Man Ties Rope Around his Neck: Dies: Ruled a Misadventure
Paragraph 7 reads: "Earlier, the court heard how Mr Vaughan was taking medication for depression after separating from his wife and experiencing stress with his job as an engineer with British Telecom."
A depressed telecommunications engineer probably did not intend to take his own life despite tying a rope around his neck, a coroner said on Tuesday.
Leeds coroner David Hinchliff said Yeadon man David Edward Vaughan was possibly “experimenting” or just trying to draw “attention to himself” when he put the ligature around his neck at his parents’ home in July.
And Mr Vaughan’s estranged wife, Tracy, said she did not believe her husband would have killed himself without leaving a note or some indication.
The inquest at Leeds Coroner’s Court heard how Mr Vaughan, 44, was found dead in a chair by his mother, Jennifer, at a house in Coppice Wood Crescent on July 1.
A post mortem revealed Mr Vaughan died as a result of hanging despite being in a sitting position.

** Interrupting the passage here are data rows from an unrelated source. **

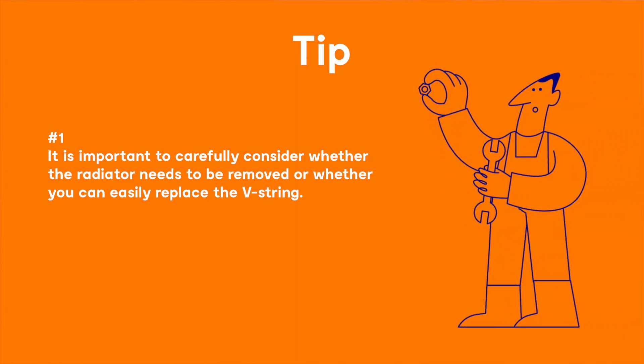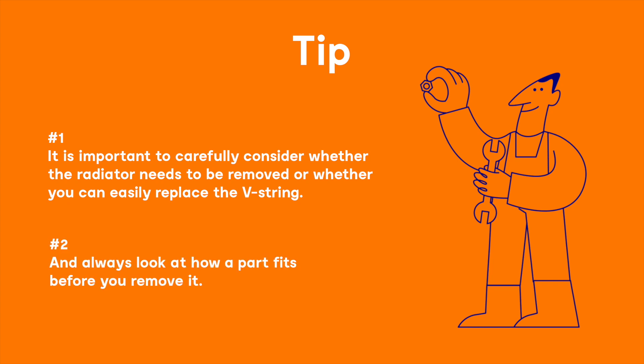It is important to carefully consider whether the radiator needs to be removed or whether you can easily replace the V-belt. And always look at how a part fits before you remove it.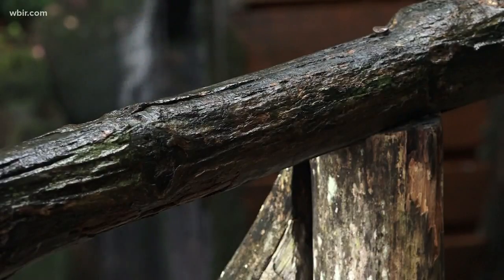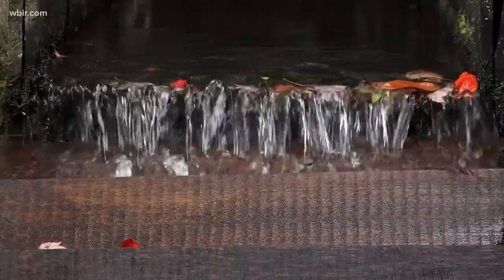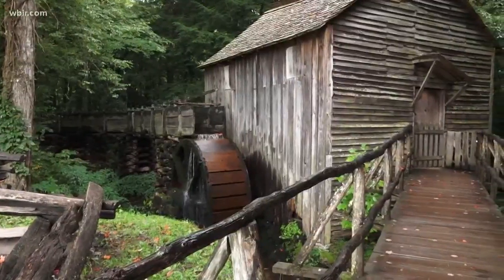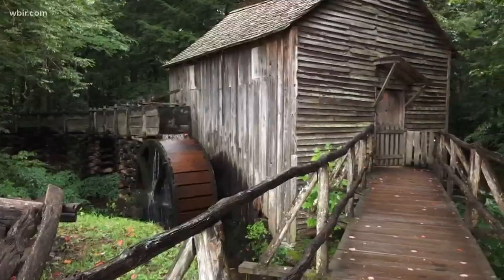No details overlooked in this hard work by hand to keep the wheels of history spinning in the Smokies far into the future. I think it's important to keep history. In Cades Cove, Jim Matheny, WBIR 10 News. It is simply beautiful — a work of art, if you will. The restoration crews say the new water wheel should be up and running at the Cable Mill by early September.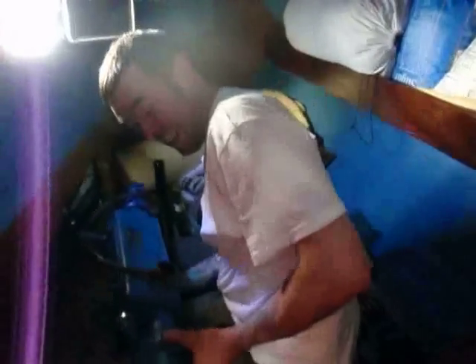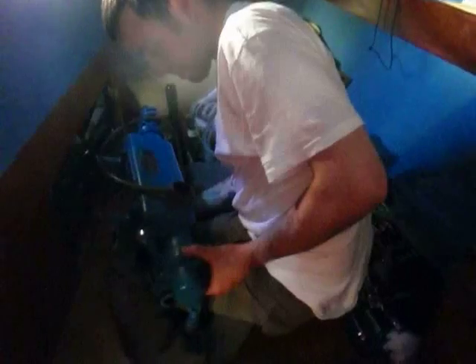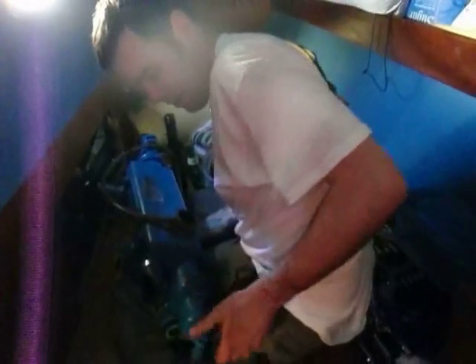What are you doing? Taking a manifold off the engine. That's a big piece of machinery. Yeah, it is quite a big piece of machinery, and it was a big piece of pain in the ass getting it out.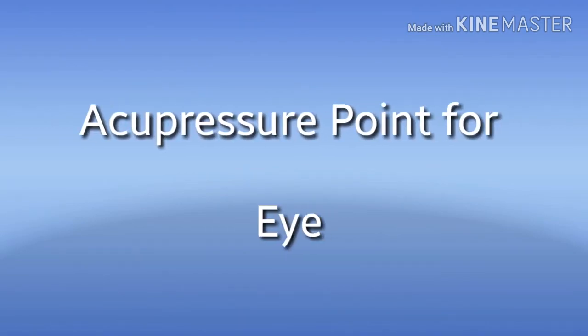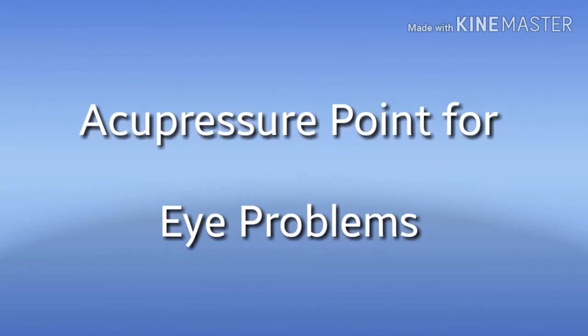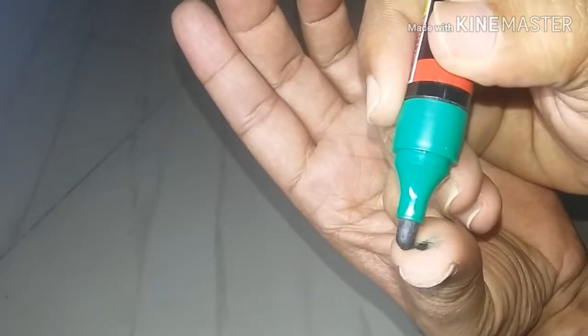Hi friends, welcome to my channel. Today we are going to see the acupressure point for eye-related problems. On the thumb finger, the point is located on the corner of the thumb finger, as shown here.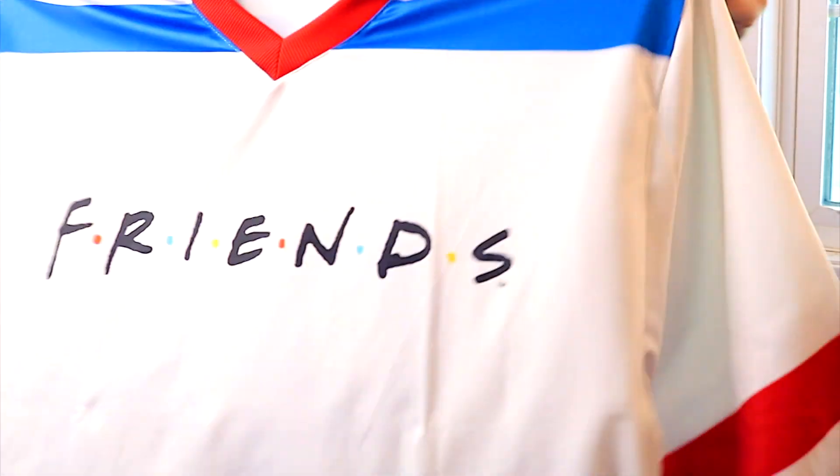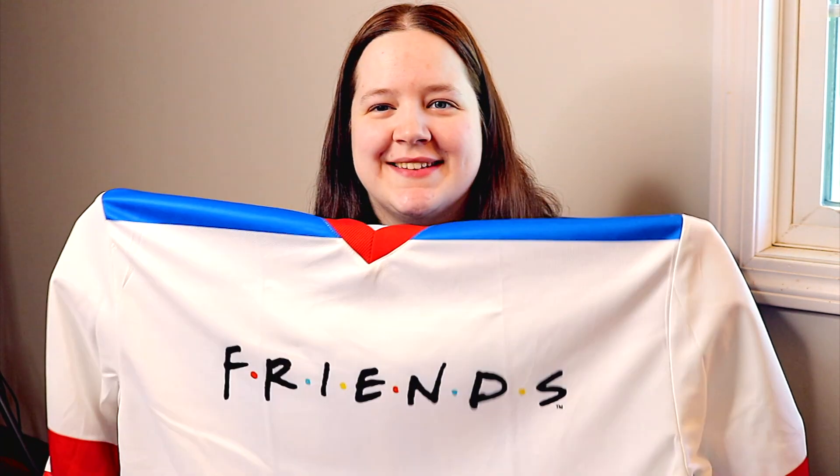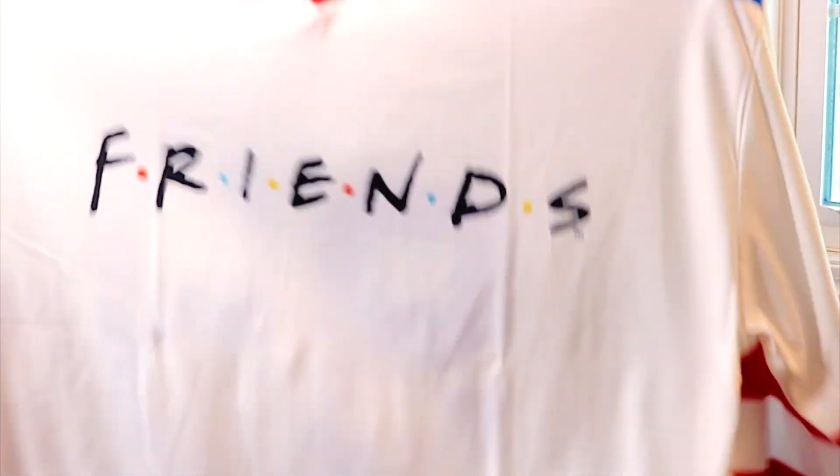The first thing in the box is a jersey — it's a little big. It represents the game that Ross, Chandler, and Joey went to where Ross got hit with the puck. Oh, it was such a good episode! It's a hockey jersey; it says 'Friends' on the front and 49 on the back. It's really pretty.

Mr Hinchliff said any pressure on a person’s neck could cause them to lapse into unconsciousness and be unable to save themselves.

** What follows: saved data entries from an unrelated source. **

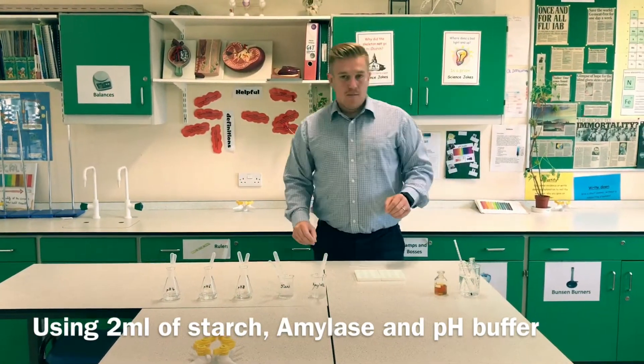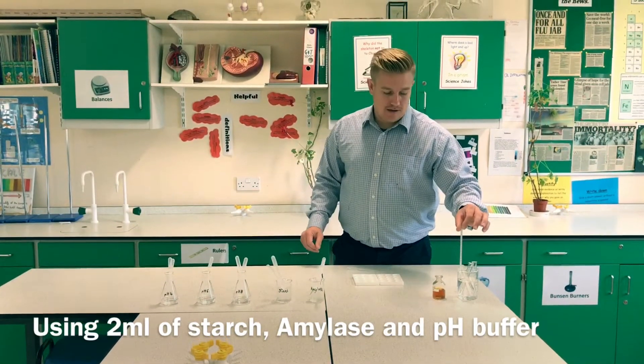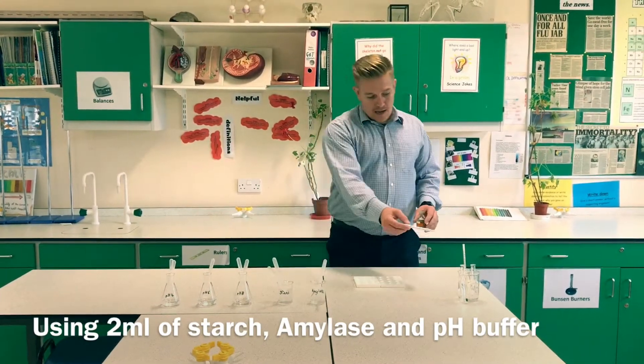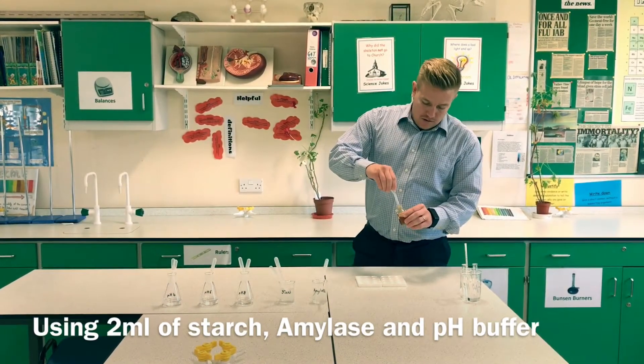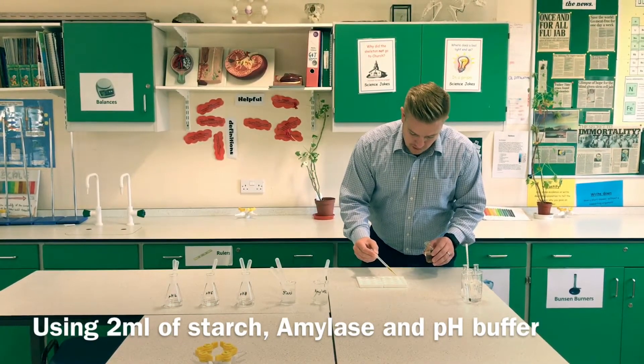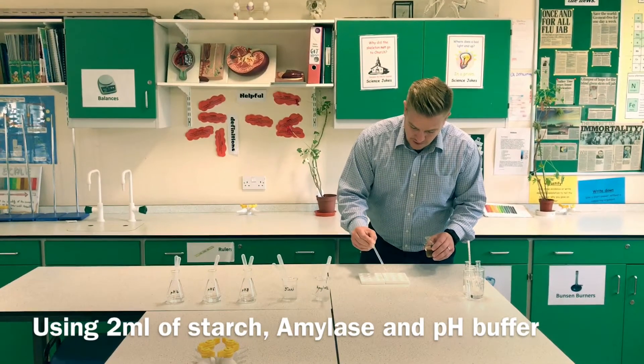While I'm reaching a steady 30 degrees, I'm going to prepare my spotting tiles. To prepare my spotting tiles, I'm going to place a dot of iodine in each section.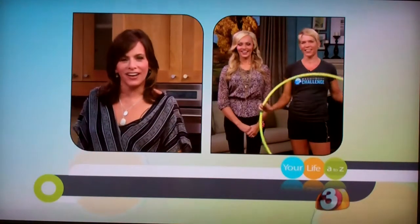I like this workout, you guys. It's fun. I guess it's the new craze.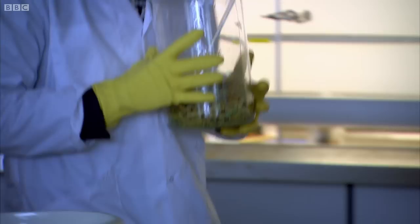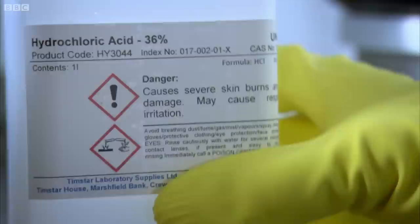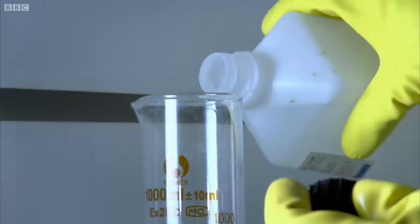But it still leaves us with the problem of separating the gold from all the undissolvable rubbish that's in circuit boards, which means, unfortunately, we're now going to have to dissolve the gold. It sounds like a gamble, but I'm hoping it'll pay off in the end. Because gold is so unreactive, I'm going to need some really powerful acid to dissolve it.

Earlier, the court heard how Mr Vaughan was taking medication for depression after separating from his wife and experiencing stress with his job as an engineer with British Telecom.
But his parents said they did not feel their son wanted to take his own life as there was no suicide note or any other message. His wife agreed.
“He was the sort of person who would like to do things correctly,” she told the inquest.
“I don’t believe he would have done that without saying goodbye.”
Recording a verdict of death by misadventure, Mr Hinchliff said: “I am under the impression possibly he was experimenting, not in a sinister way, or doing something to bring attention to himself, but he was overwhelmed by unconsciousness so quickly he wasn’t able to help himself had he desired to do so.”